**The input:**

____________

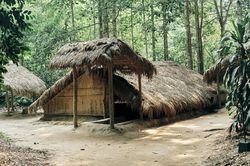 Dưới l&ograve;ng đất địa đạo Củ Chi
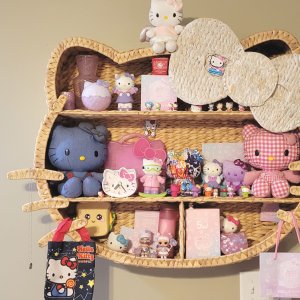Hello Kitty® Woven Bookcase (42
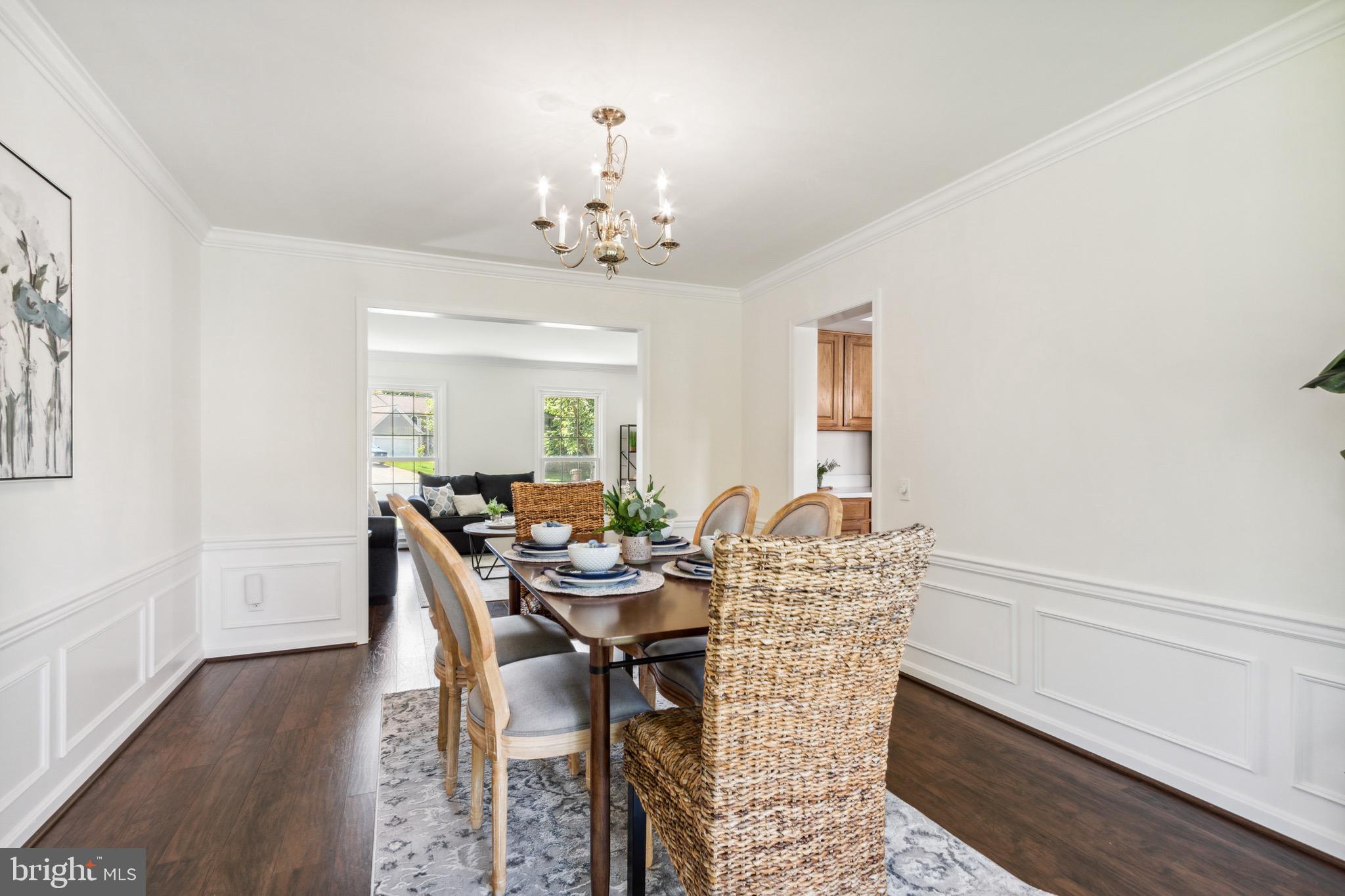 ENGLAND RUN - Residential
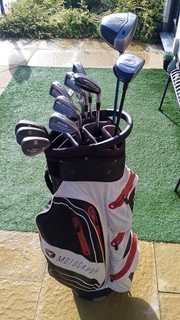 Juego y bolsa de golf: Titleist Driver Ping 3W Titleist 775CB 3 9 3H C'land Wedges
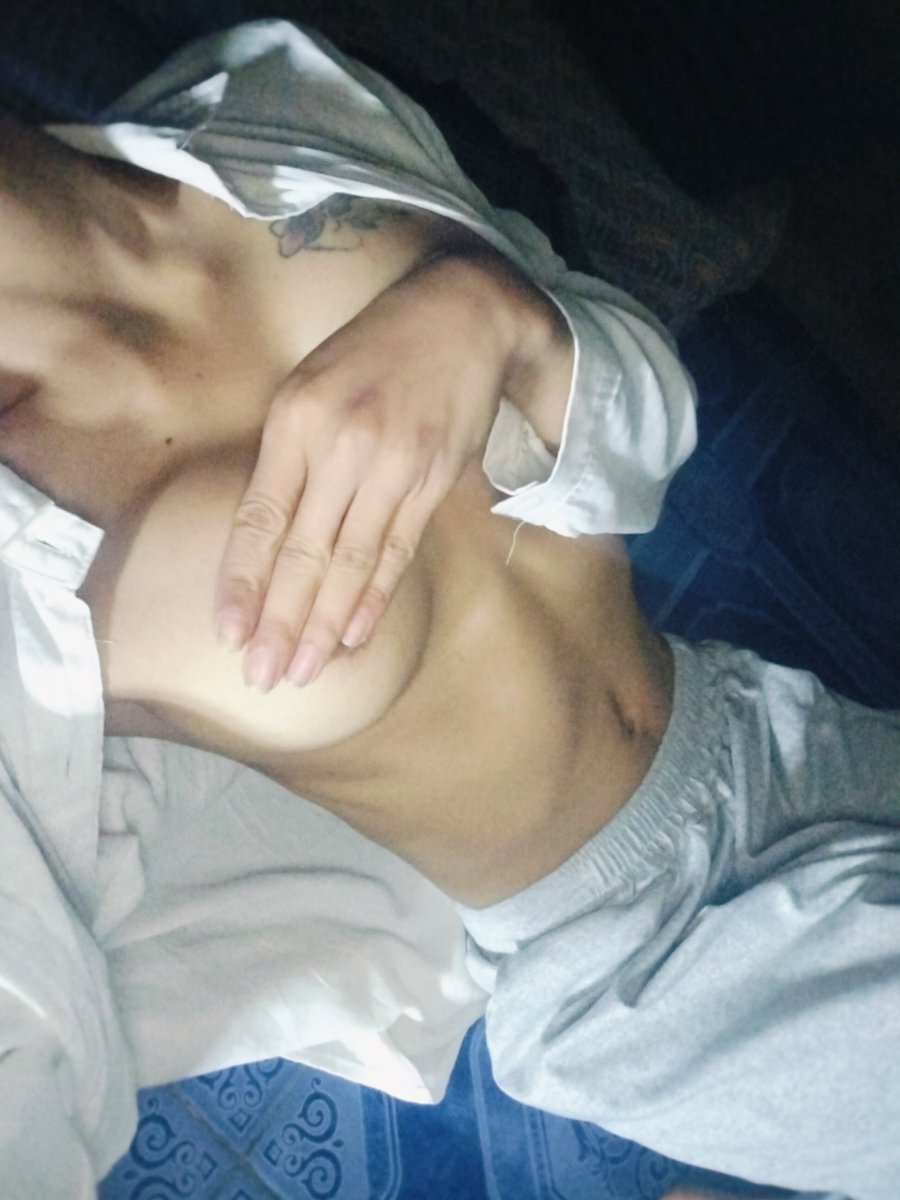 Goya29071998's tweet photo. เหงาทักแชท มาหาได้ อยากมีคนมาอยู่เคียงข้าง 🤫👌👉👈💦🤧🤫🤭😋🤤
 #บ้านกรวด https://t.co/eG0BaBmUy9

____________

**Exercise:** Quote the records in their entirety, keeping the wording exact and excluding pictures.

**Written solution:**
 Dưới l&ograve;ng đất địa đạo Củ Chi
Hello Kitty® Woven Bookcase (42
 ENGLAND RUN - Residential
 Juego y bolsa de golf: Titleist Driver Ping 3W Titleist 775CB 3 9 3H C'land Wedges
 Goya29071998's tweet photo. เหงาทักแชท มาหาได้ อยากมีคนมาอยู่เคียงข้าง 🤫👌👉👈💦🤧🤫🤭😋🤤
 #บ้านกรวด https://t.co/eG0BaBmUy9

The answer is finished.